New Parallels 3.0 for Mac with Vista Bootcamp Support

The new version of Parallels Desktop for the Mac is out. Its funny- they were hyping it up for the last couple of weeks for the 3d support, file copying, and snapshots. I’m sure those will all be pretty useful features, but for me the bootcamp thing was critical- since I switched to running Vista in Bootcamp I haven’t been using Parallels at all so this is the big breakthrough in the new version.

I installed the new version of Parallels and after a couple of days hassle with my activation key, I finally was able to start it up and create a VM pointing to my boot-camp partition. It proceeded to boot Vista- at first it looked like it was hanging, but as best I can tell it was just doing a bunch of processing. Sign in, and it does some device install and reboots again. After it reboots, it again is installing something- this time the Parallels tools. Next lots of “Windows can’t verify the publisher of this driver software” dialogs appeared. This all took surprisingly long- not a serious problem or anything, but it does beg the question of what its doing for 30 minutes or so. The bigger problem was that there was no indication of progress so I couldn’t tell if it was stuck in a loop or something?

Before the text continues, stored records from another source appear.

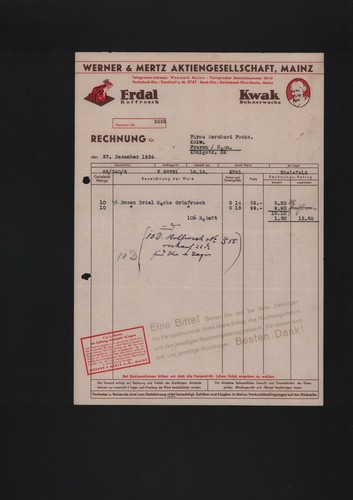 Mainz rechnung 1934 werner - mainz,, 1934,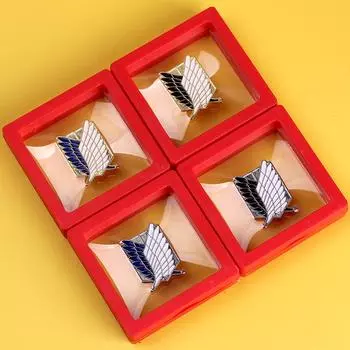 Атака титанов Крылья свободы аниме металлическая брошь для рюкзаков и одежды gold wings белый/чёрный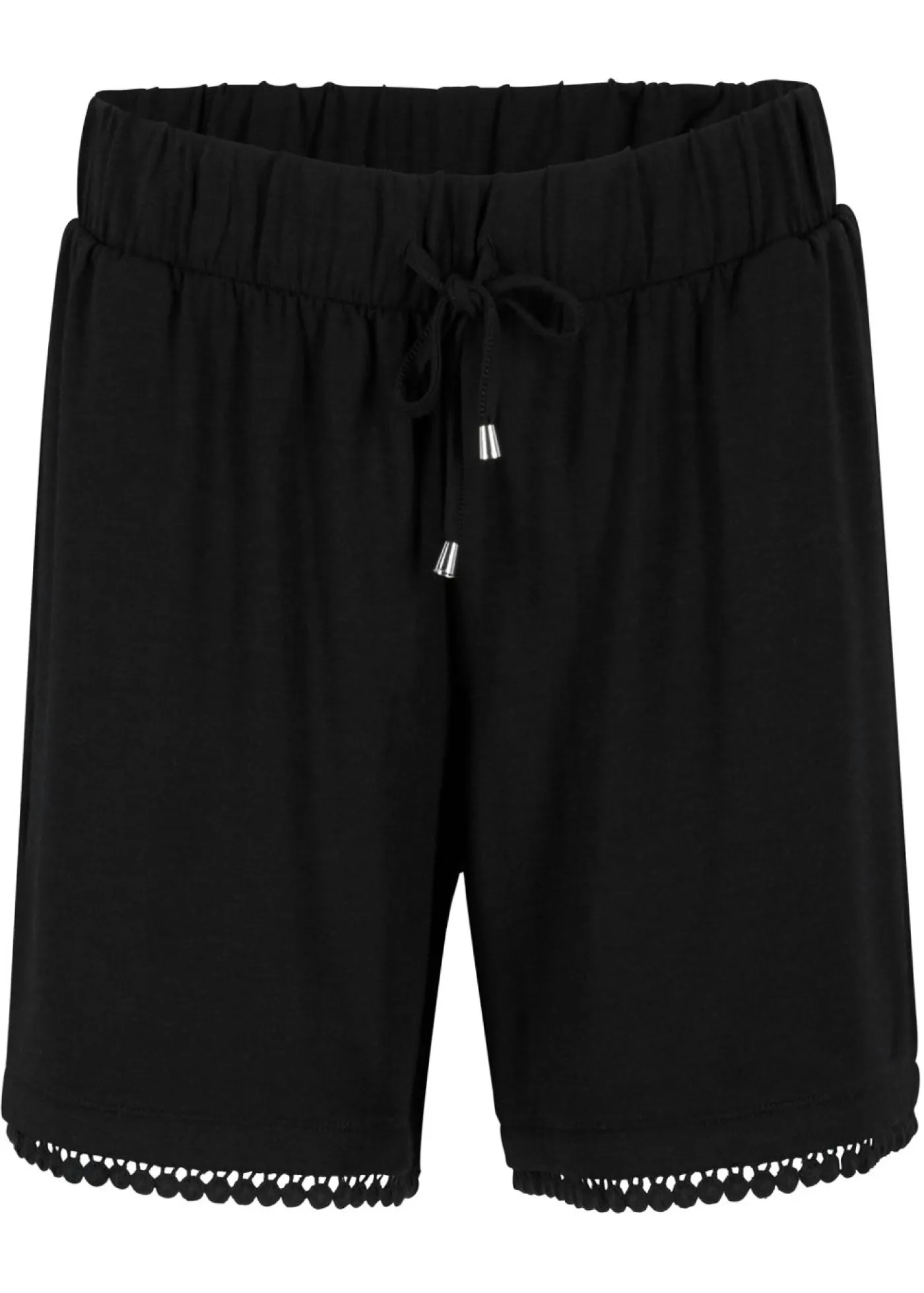 bonprix bonprix Shorts|Pantalones>Pantalón corto de punto de mezcla de viscosa con cinturilla cómoda Negro
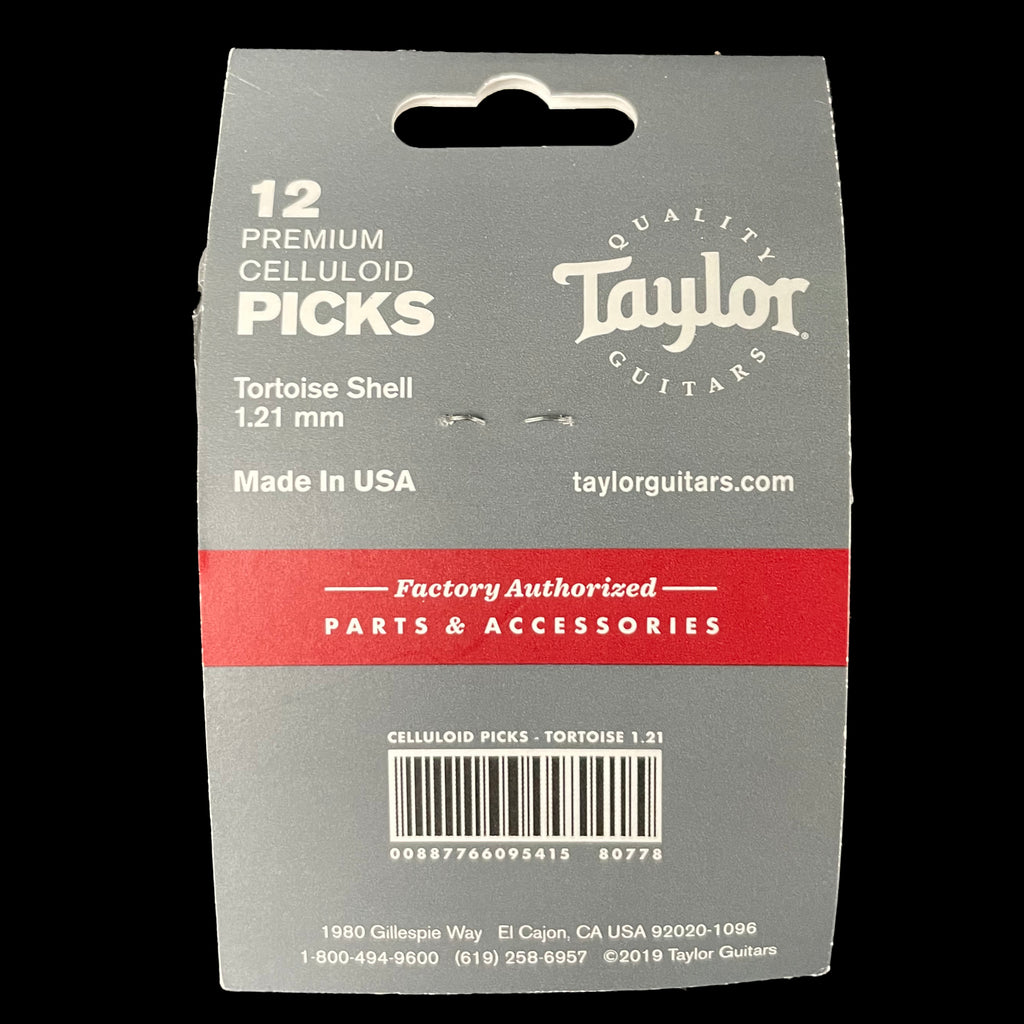 Taylor Celluloid Tortoise Shell 1.21mm 351 Pick Pack 12 Pack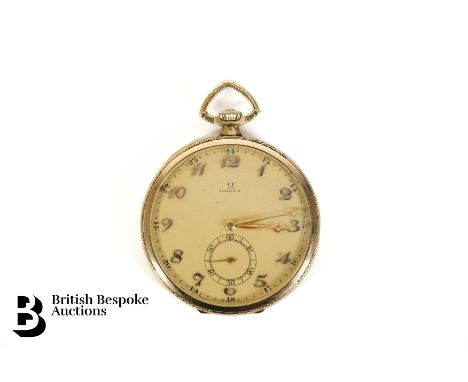 A gentleman's 14ct gold Omega slim dress pocket watch. The watch having a 50mm case with a gold-effect face with gold Arabic 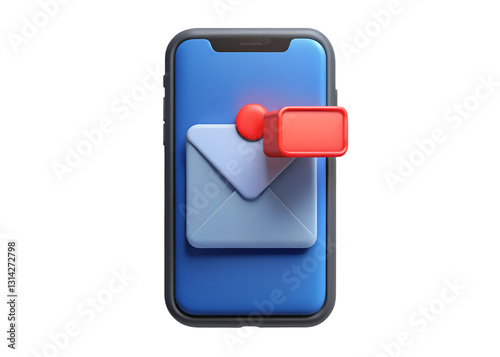A New Message Arrives, A Notification Pops Up On Your Phone Screen, Bringing Exciting News Or Important Updates, With A Vibrant 3d Design Isolated on Transparent Background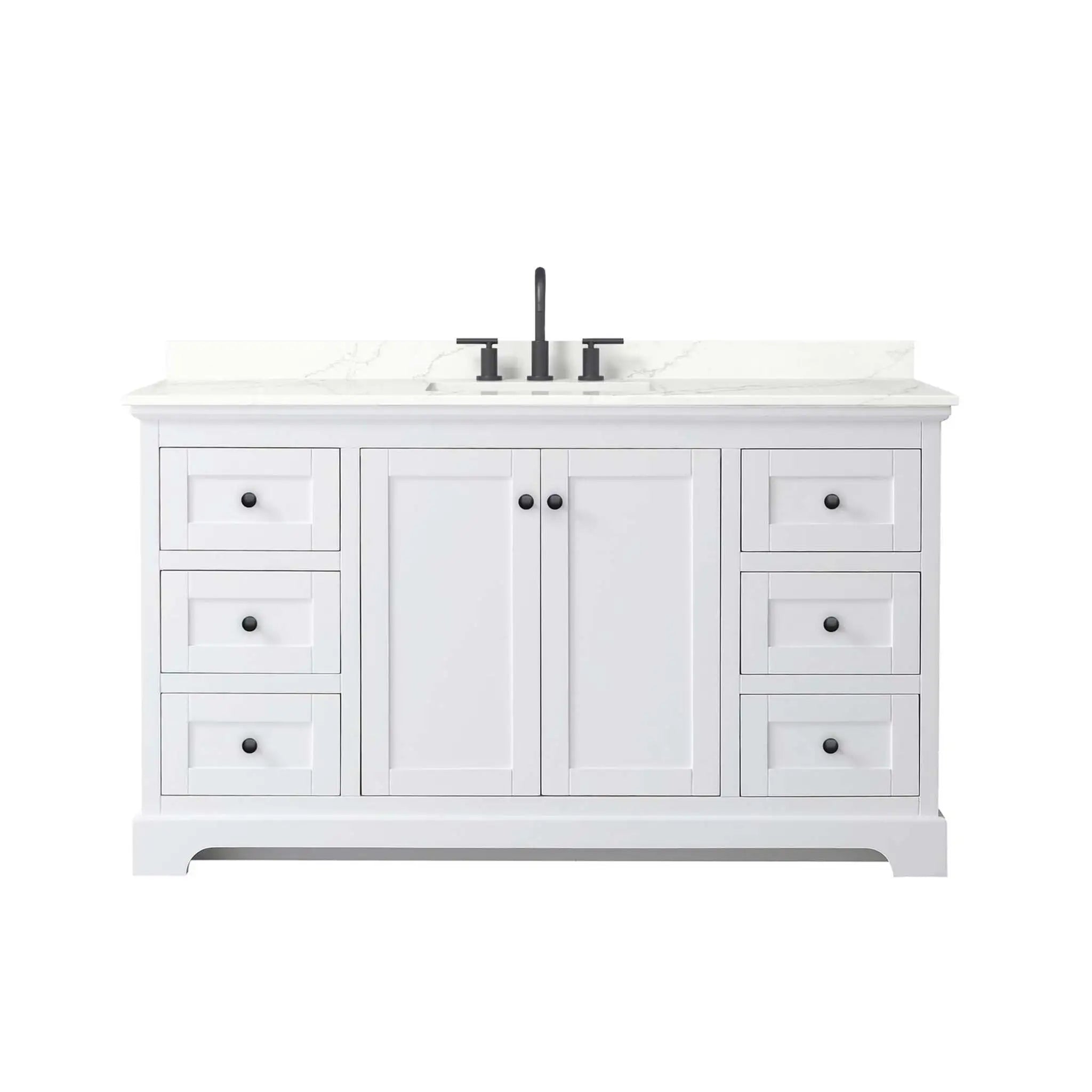 60" Avery Single Bathroom Vanity in White with Matte Black Trim by Wyndham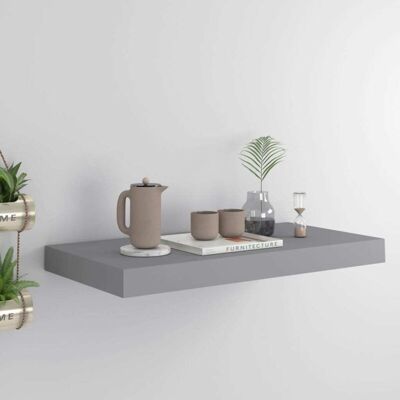 vidaXL Grey Floating Wall Shelf 50x23x3.8 cm MDF Display Bookcase Wall Ledge - Wall Shelf vidaXL Grey Floating Wall Shelf 50x23x3.8 cm MDF Display Bookcase Wall Ledge - Wall Shelf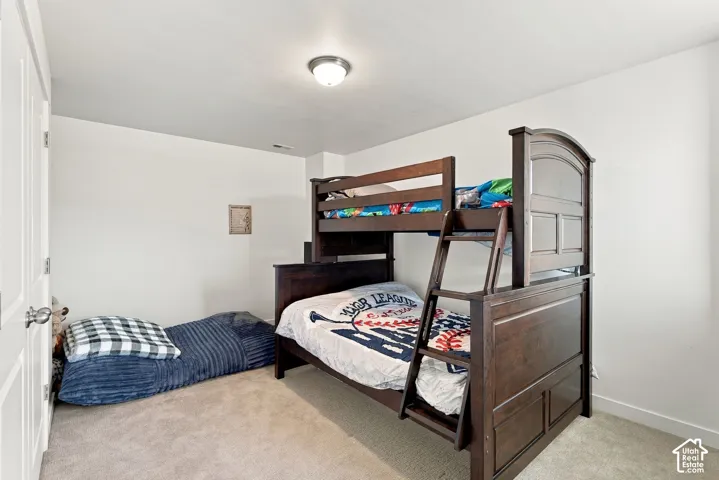 Plush carpeted flooring with light-toned walls, featuring a flush-mount ceiling light fixture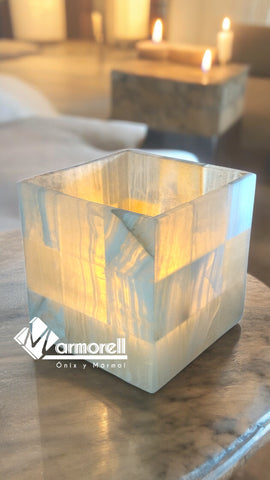 Cubo porta vela de Ónix Marquetería 15x15 cm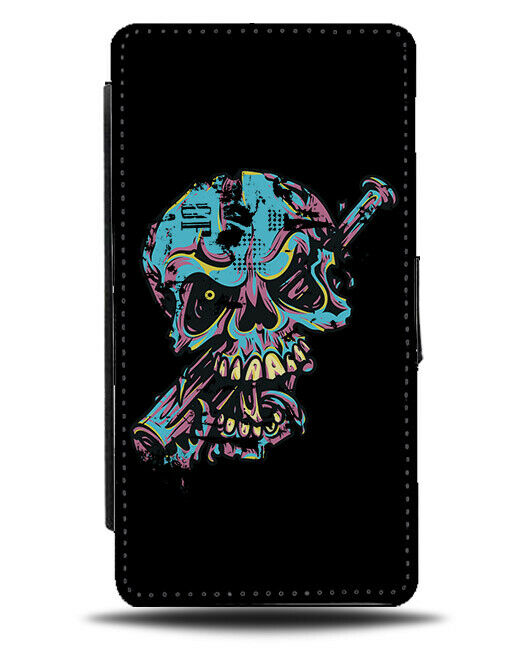 Baseball Bat Skull Flip Wallet Phone Case Base Ball Smashed Cracked Skulls E298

In the end it rebooted and it seems like everything is fine. The Coherence feature where each window from Windows opens in an individual Mac window is wild. For some reason the “Use Multiple Displays” feature was not on by default for Coherence. In the end it appears to be working great, although the performance of my Windows apps don’t appear to be in the same ballpark as they were when running natively. For example opening individual emails from Outlook appears noticeably slow.